Problem to work on: Among the entries below, the lines from the one with "Sophomore Somers Science" up to and including the one with "2023-jaguar-i-pace-ev400-hse-black-big-0" are to be restated exactly, without pictures.

Input for this task:
* * * * *

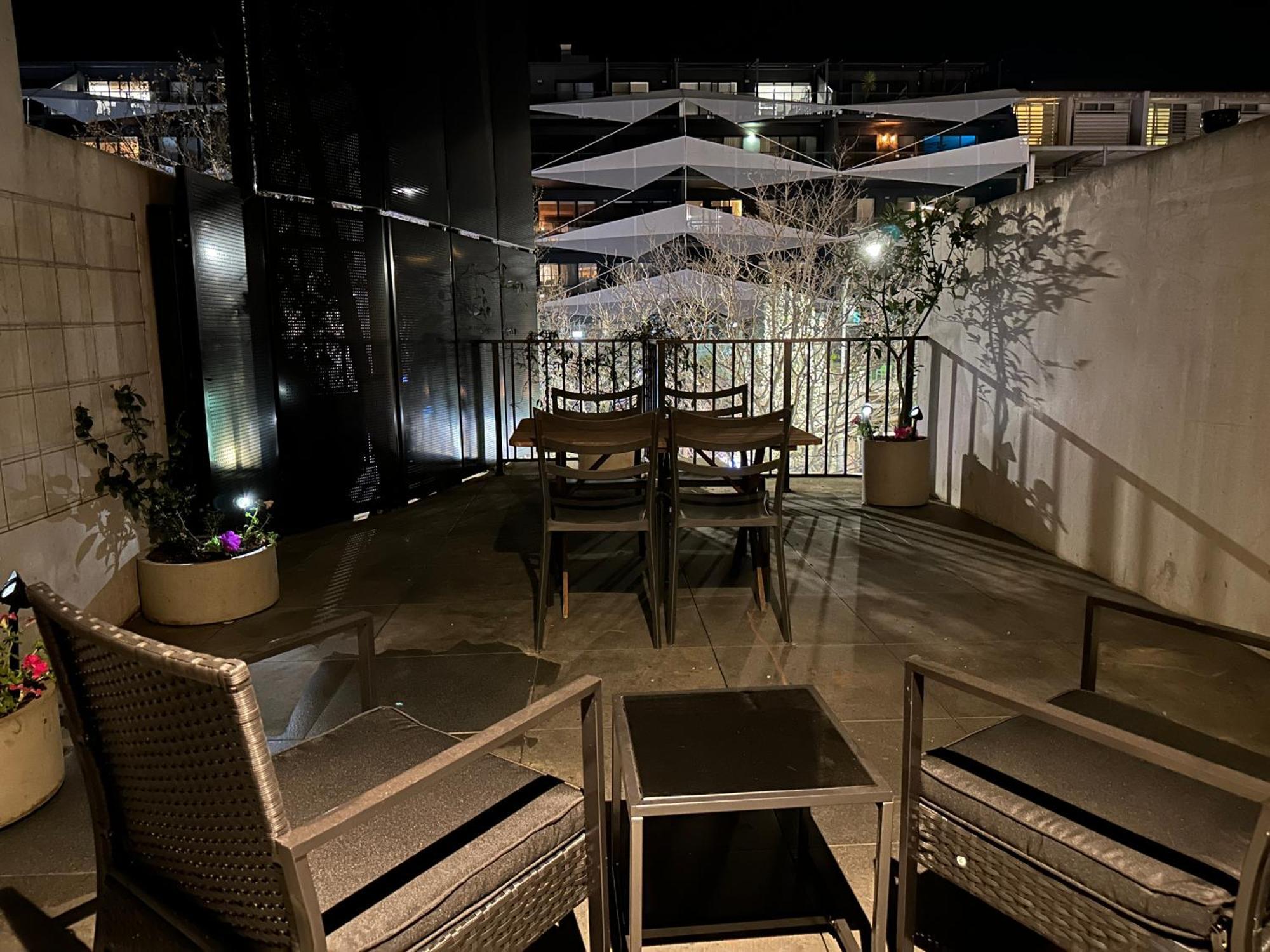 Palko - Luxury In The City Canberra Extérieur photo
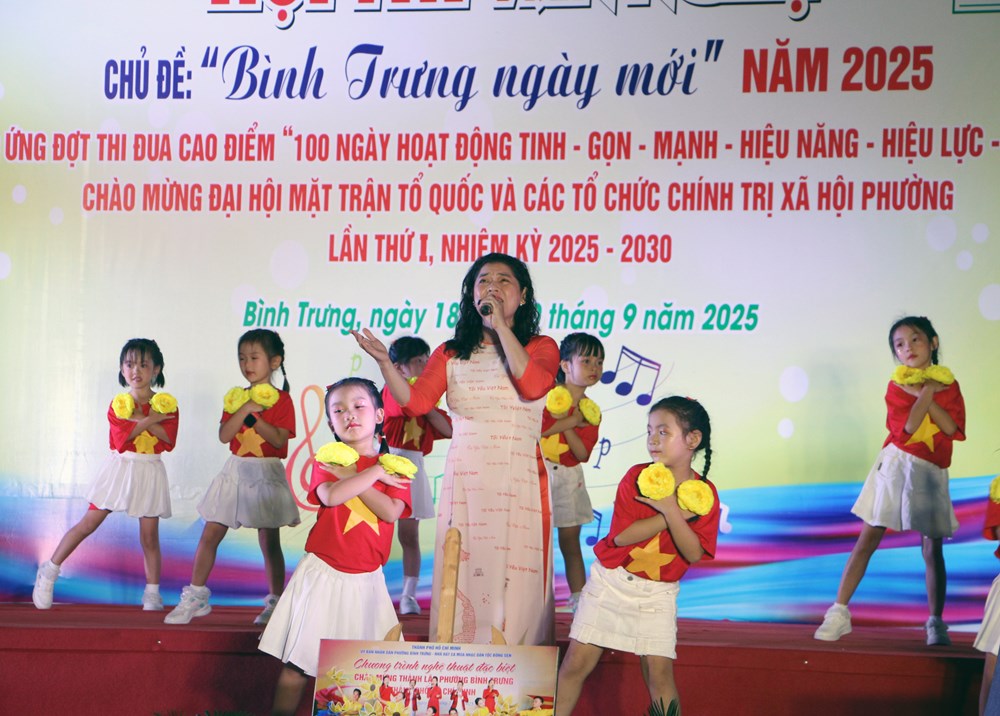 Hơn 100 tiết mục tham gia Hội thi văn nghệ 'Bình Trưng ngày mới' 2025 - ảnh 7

* * * * *

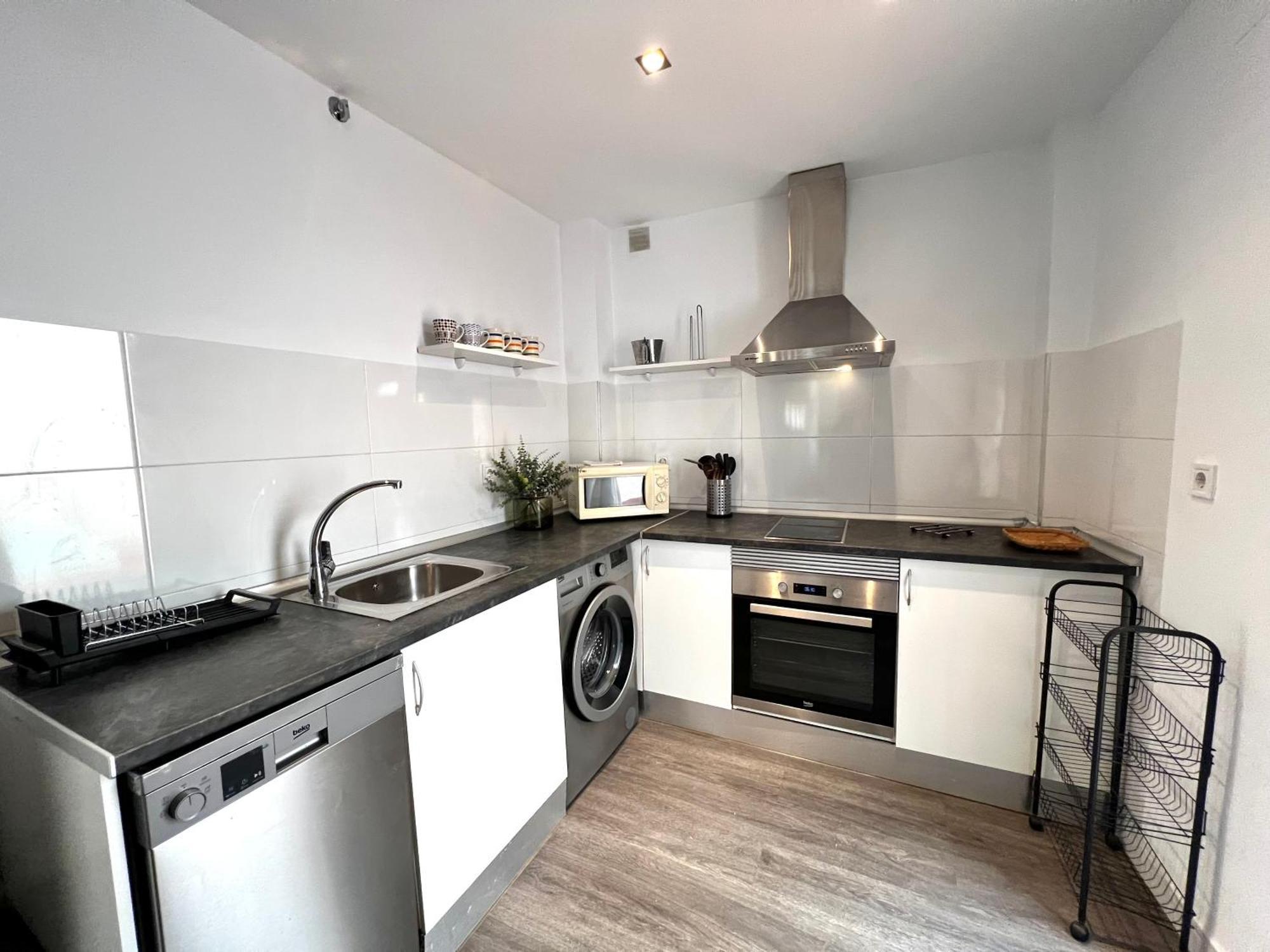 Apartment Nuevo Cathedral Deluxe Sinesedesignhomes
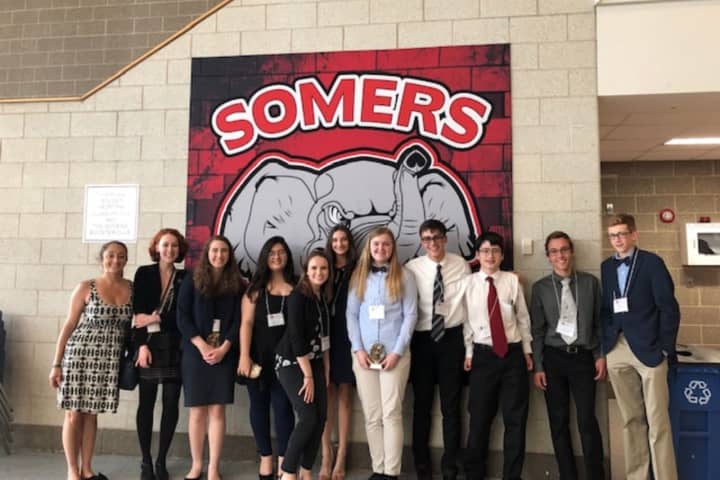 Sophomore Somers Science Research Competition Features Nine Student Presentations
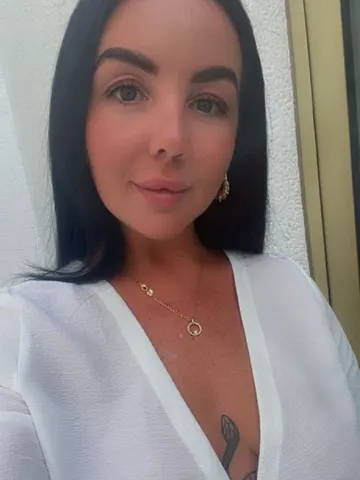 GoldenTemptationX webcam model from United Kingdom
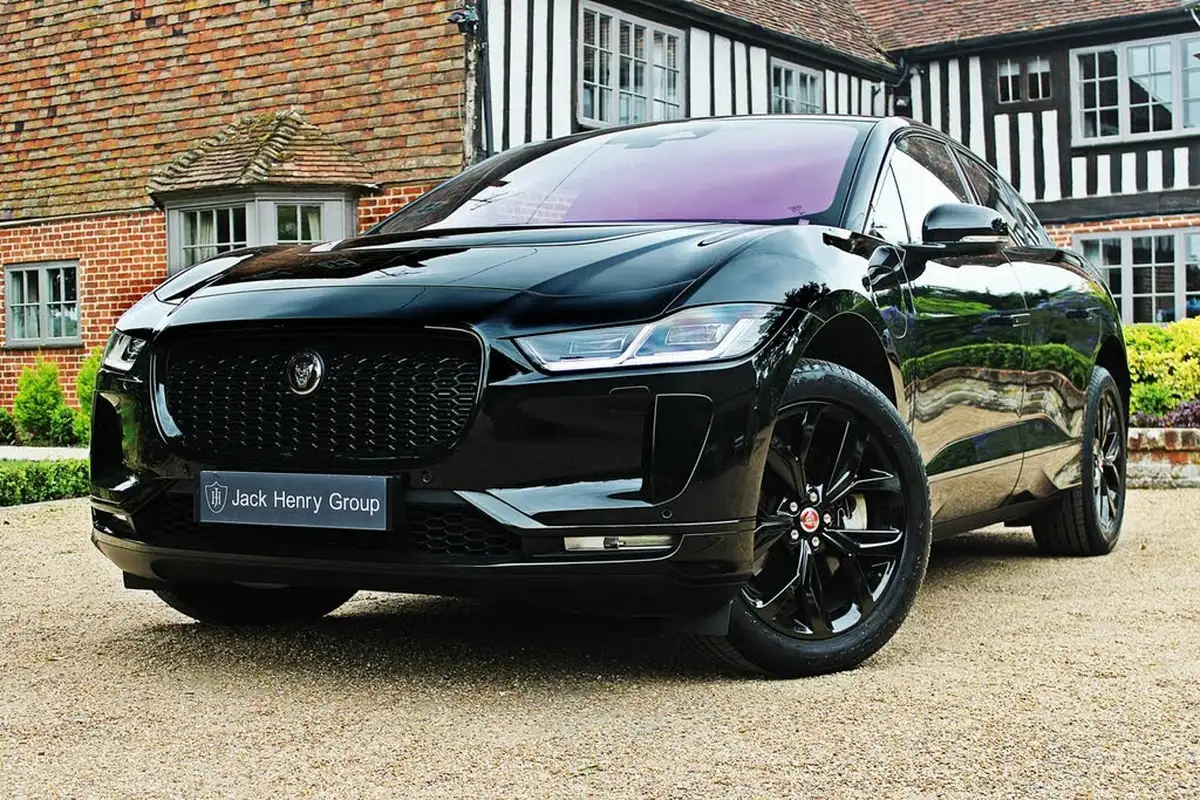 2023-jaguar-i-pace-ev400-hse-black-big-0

* * * * *

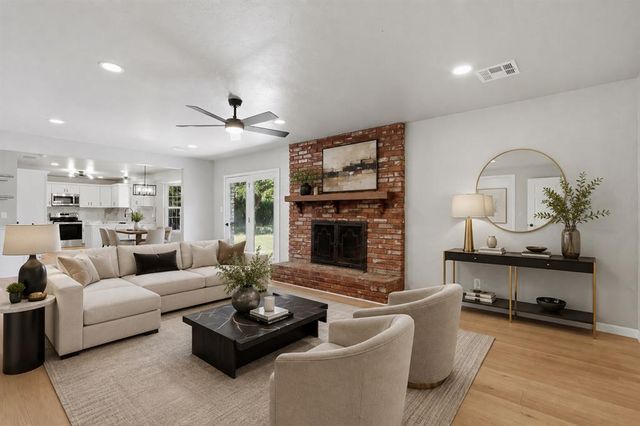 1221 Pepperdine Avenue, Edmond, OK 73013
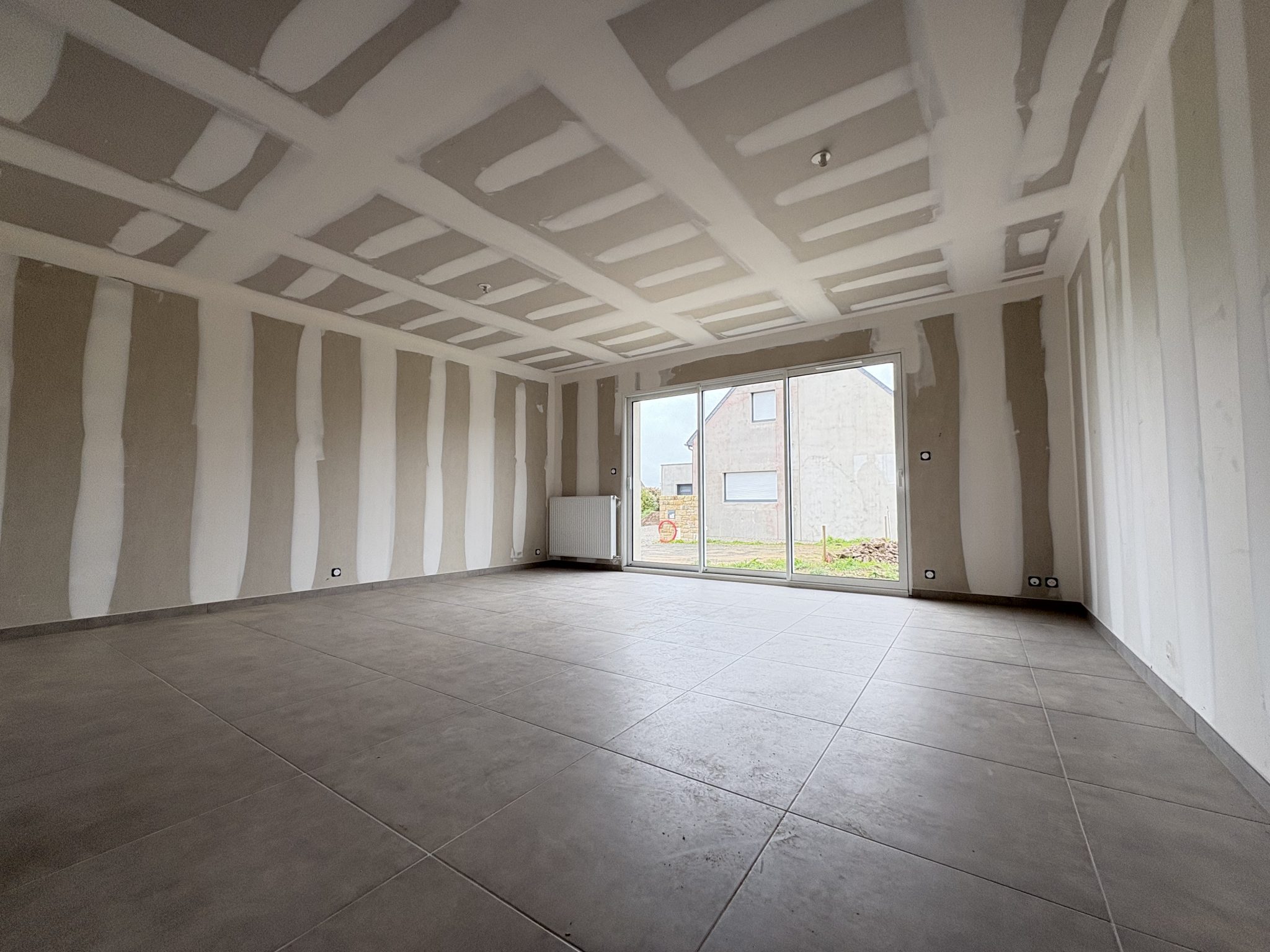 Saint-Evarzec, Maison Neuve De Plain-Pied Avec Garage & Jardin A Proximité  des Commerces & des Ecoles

* * * * *

Result of this exercise:
 Sophomore Somers Science Research Competition Features Nine Student Presentations
 GoldenTemptationX webcam model from United Kingdom
 2023-jaguar-i-pace-ev400-hse-black-big-0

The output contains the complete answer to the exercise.